Navigate back to Webhooks → Responders, edit the CSP Test responder, and paste the <meta> tag inside the <head> of the body. Save and navigate to the responder's URL again - this time, clicking Eval does nothing and a CSP error appears in the browser console.

Name	CSP Test
Path	/csp-test
Body (updated)	<!DOCTYPE html> <html lang="en"> <head> <meta http-equiv="Content-Security-Policy" content="script-src 'self' 'unsafe-inline'"> <title>Evaluate CSP</title> </head> <body> <label for="eval-input">Expression to evaluate:</label> <input id="eval-input" type="text" value="alert('xss')"/> <button id="eval-test">Eval</button> <script type="text/javascript" defer> (async function main() { const evalTestBtn = document.getElementById('eval-test'); evalTestBtn.addEventListener('click', () => { const evalExpression = document.getElementById('eval-input'); window.eval(evalExpression.value); }); })(); </script> </body> </html>

Report Content Security Policy violations

In this guide, you will create a Content Security Policy and collect its violation reports using a custom tracking responder:

1

Navigate to Webhooks → Responders, click Create responder, enable Advanced mode, and configure a responder to collect CSP violation reports.
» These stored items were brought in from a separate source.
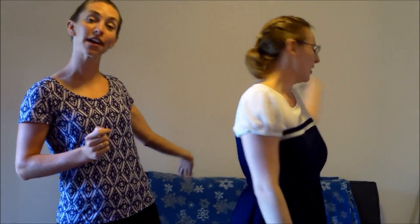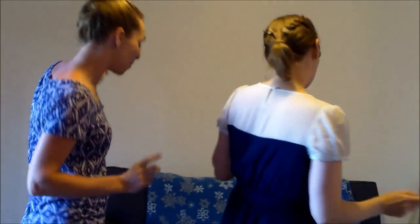You put your left hand in, you put your left hand out. You put your left hand in and you shake it all about. You do the Hokey Pokey and you turn yourself around. That's what it's all about.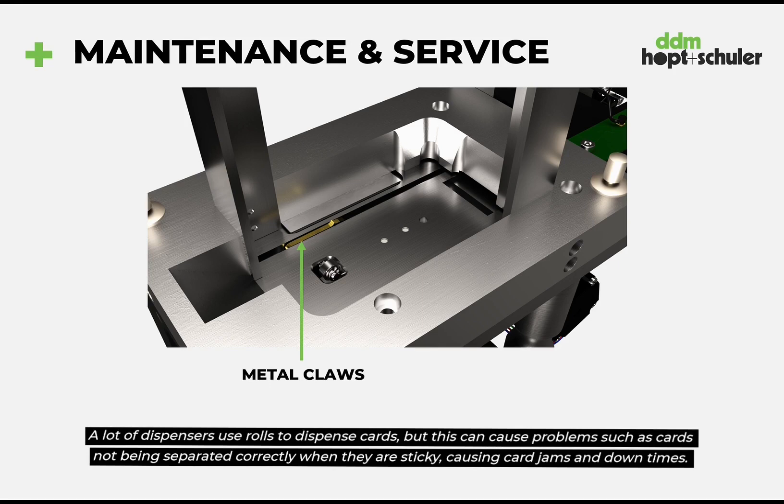To dispense the cards the device uses metal grippers instead of rolls. A lot of dispensers use rolls to dispense cards but this can cause problems such as cards not being separated correctly when they are sticky, causing card jams and downtimes. The dispensing mechanism of our units via grippers ensures that the dispenser only selects one card at a time and transports it forward correctly — even sticky cards are no problem.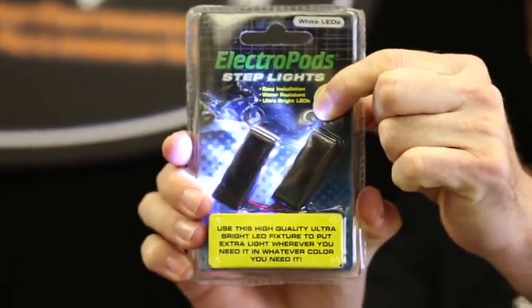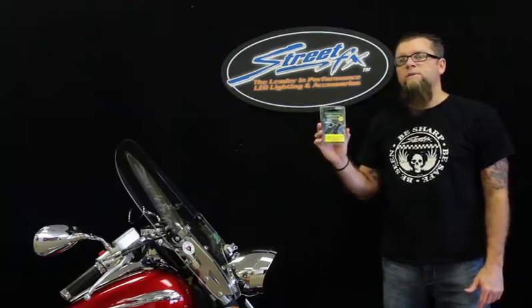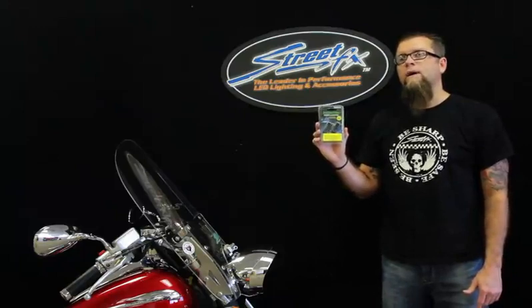It comes in a wide variety of colors and is very easy to install — a great product to accent your bike and make you more visible out on the road. To learn more, visit us at www.StreetFXSeries.com or contact your local Tucker Rocky rep.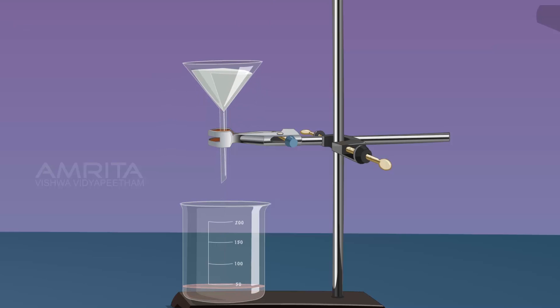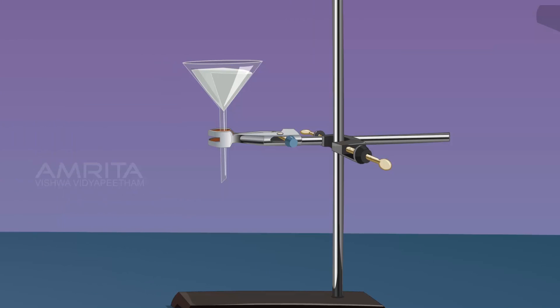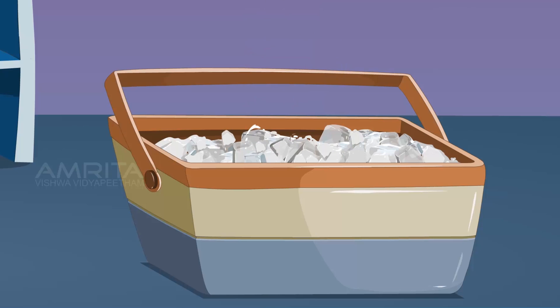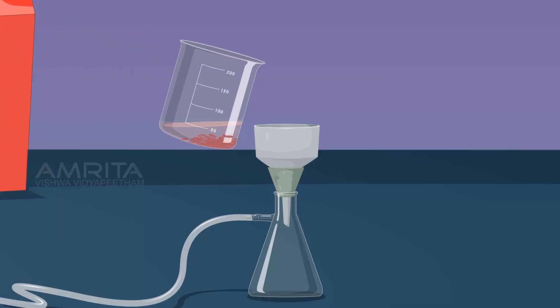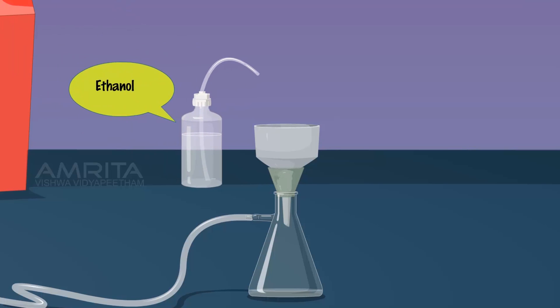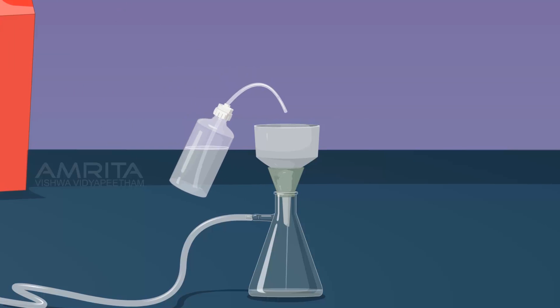Cool the solution by placing the beaker in an ice bath. As the solution cools, crystals of 2-naphthol aniline dye separate out. Filter off the crystals using Buckner funnel. Wash the crystals with ethanol. Crystals of 2-naphthol aniline dye separate out.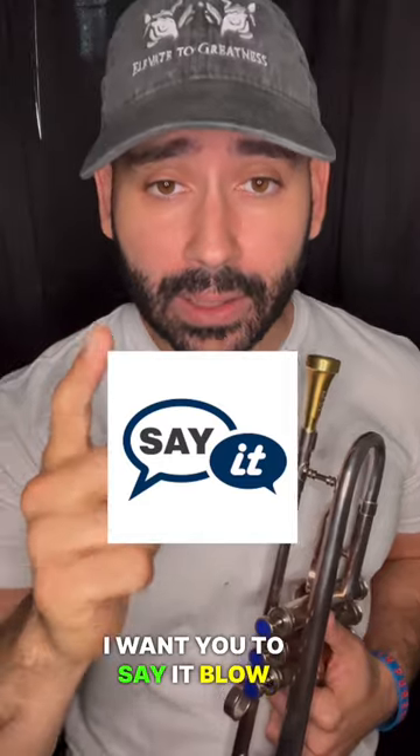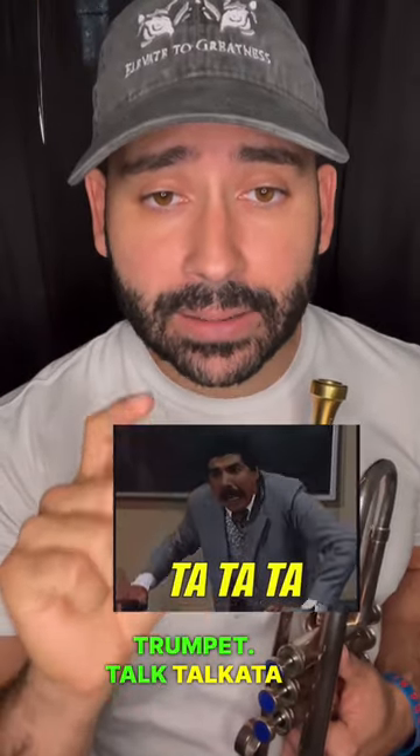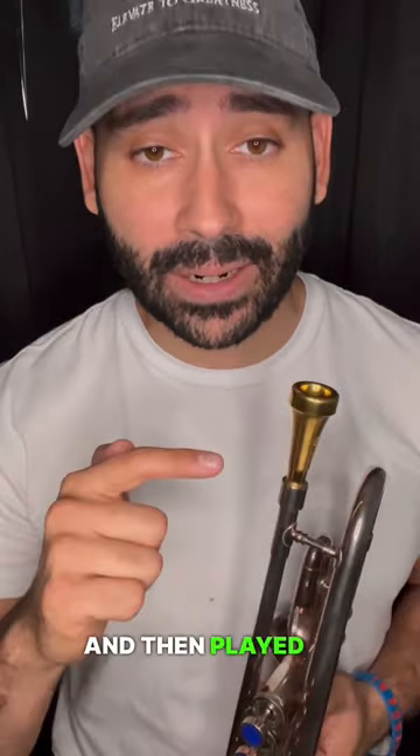I want you to say it, blow it, play it on the trumpet. Ta-ta-ta-ta-ta. Ka-ka-ka-ka-ka. Ta-ka-ta-ka-ta. And then play it on the trumpet.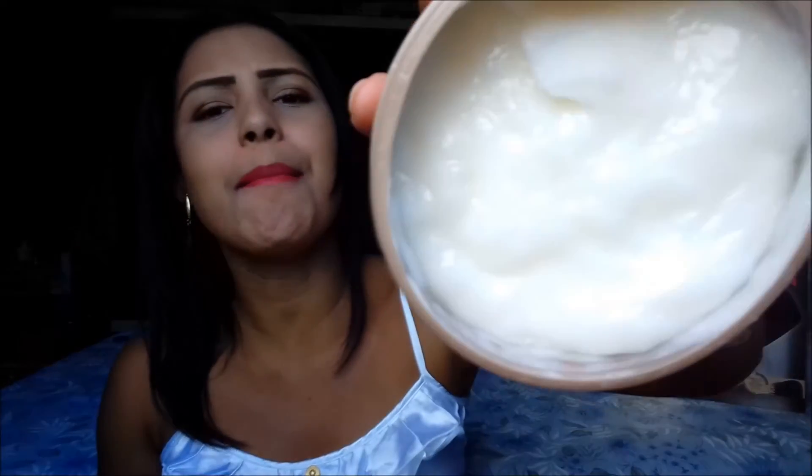É uma máscara super nutritiva e hidratante. Ela tem uma consistência muito boa para passar no cabelo. Ela é super fácil e super emoliente.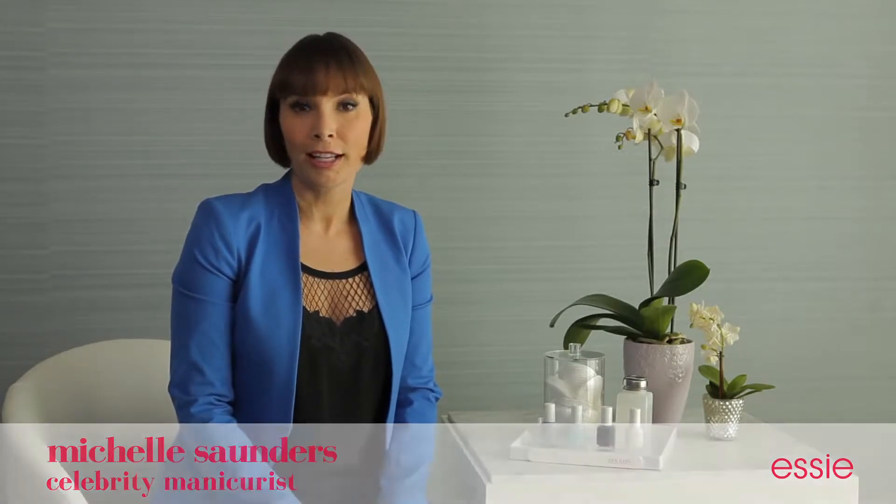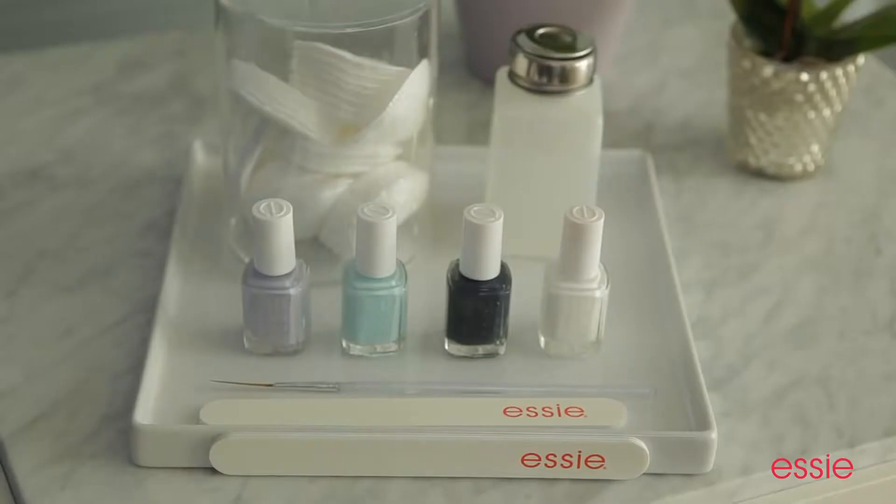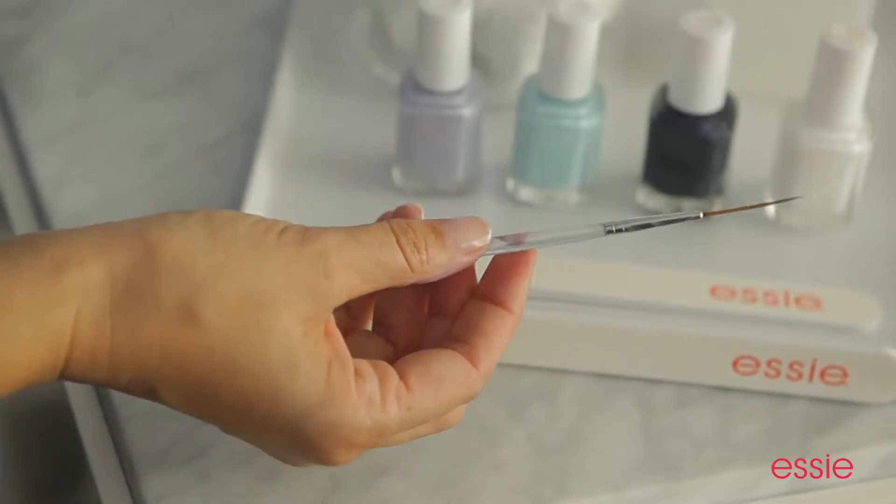Hi, I'm Michelle Saunders. I have a great winter manicure for you to try. It's called Winter's Edge. This color blocking manicure looks elaborate, but it's really easy. All you need is a striping brush.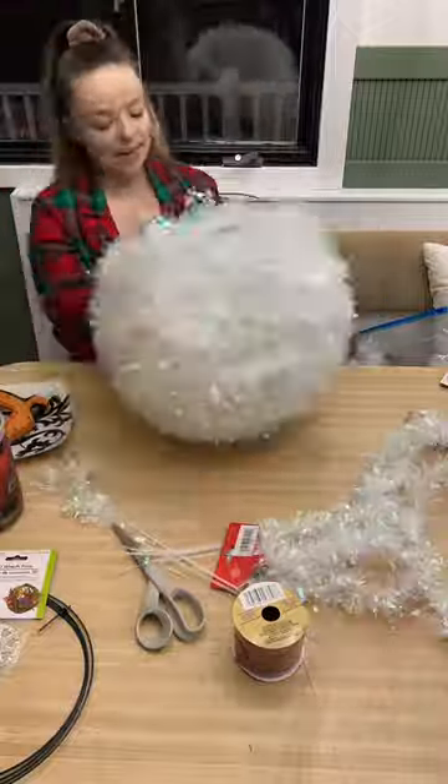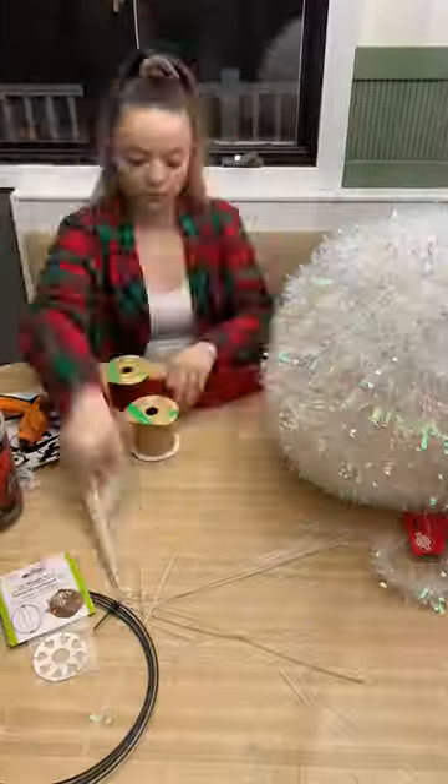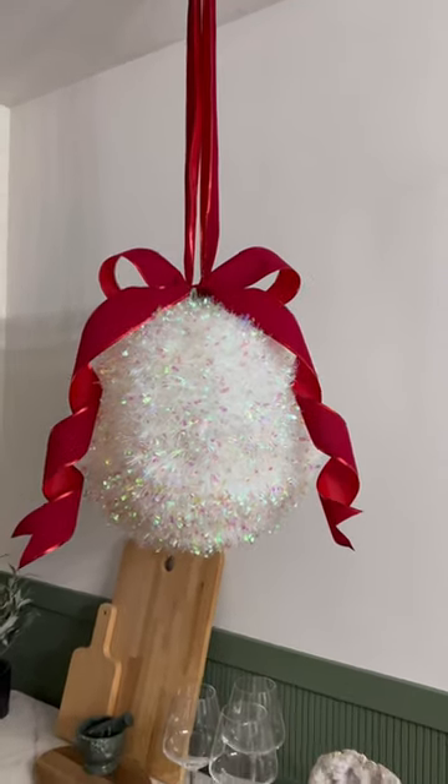Then I wrapped the entire thing in tinsel and added the iconic velvet ribbon to have a little thing to hang from, and of course a beautiful little bow. These have seriously turned out so freaking cute, so make sure to follow me for more.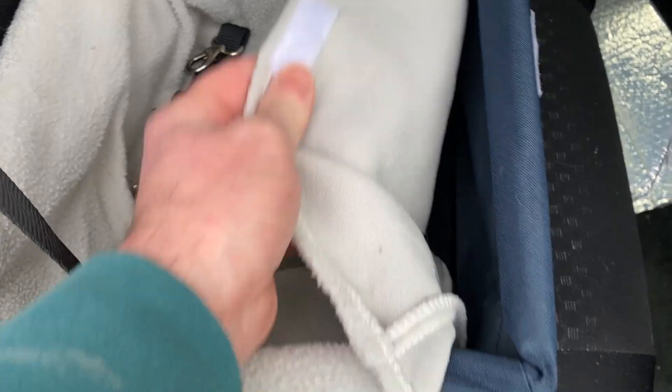It appears that you can take the liner out, which I haven't done, but you can see you can take it out and wash it. So if you're at the beach or somewhere where your dog gets wet and muddy, or there's some dust and dirt in there, you can easily just wash it.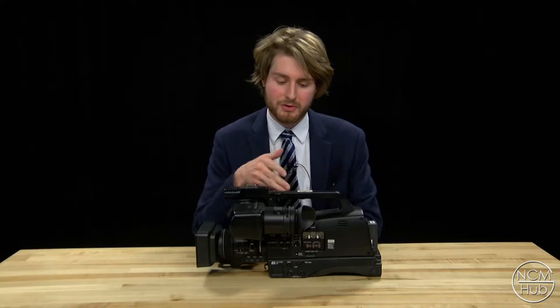This is a tutorial for the Panasonic HMC-80 and it will serve as a brief overview of some functions of the camera.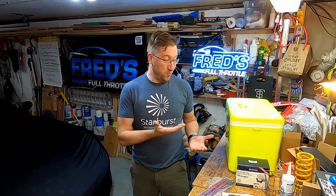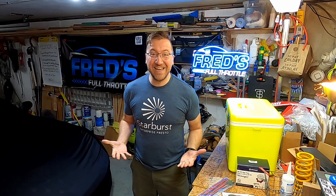What is up YouTube? Welcome to Fred's Full Throttle. In today's video I'm going to be building a cool suit system for the 24 hours of lemons endurance race car that me and my friends have built. What is a cool suit system? Why do you need one for racing? And what is this radioactive looking box next to me? All will be answered. So grab a cup of coffee, find your favorite chair, and let's get into it.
Click Save.

Name	CSP Reporting
Path	/csp-reporting
Method	POST
Tracking	10

2

The reporting responder appears in the grid. Copy its URL - you will use it as the report-uri value in the next step.

3

Navigate to Web Security → CSP → Policies, click Create policy, and configure it with the report-uri directive pointing to the reporting responder URL. Click Save.

Name	CSP Reporting
Script source (script-src)	'self', 'unsafe-inline', 'report-sample'
Report URI (report-uri)	[CSP Reporting responder URL]

4

The policy appears in the grid.

5

Use the Copy context menu button to view the policy as an HTTP header (enforcing). The generated header includes the report-uri directive with the reporting responder URL.

6

Navigate back to Webhooks → Responders, click Create responder, and configure a responder that serves an HTML page with eval(). Set its Content-Security-Policy response header to include the policy with the report-uri directive. Click Save.

Name	CSP Eval Test
Path	/csp-eval-test
Headers	Content-Security-Policy: script-src 'self' 'unsafe-inline' 'report-sample'; report-uri [CSP Reporting responder URL]
Body	<!DOCTYPE html> <html lang="en"> <head> <title>Evaluate CSP</title> </head> <body> <label for="eval-input">Expression to evaluate:</label> <input id="eval-input" type="text" value="alert('xss')"/> <button id="eval-test">Eval</button> <script type="text/javascript" defer> (async function main() { const evalTestBtn = document.getElementById('eval-test'); evalTestBtn.addEventListener('click', () => { const evalExpression = document.getElementById('eval-input'); window.eval(evalExpression.value); }); })(); </script> </body> </html>

7

Both responders appear in the grid. The CSP Eval Test responder has a unique URL.

8

Click the CSP Eval Test responder URL to open the test page. Click Eval - nothing happens because the Content Security Policy blocks eval(). The browser automatically sends a violation report to the report-uri endpoint.

9

Go back to the responders grid and expand the CSP Reporting responder. The violation report sent by the browser is now visible in the requests list.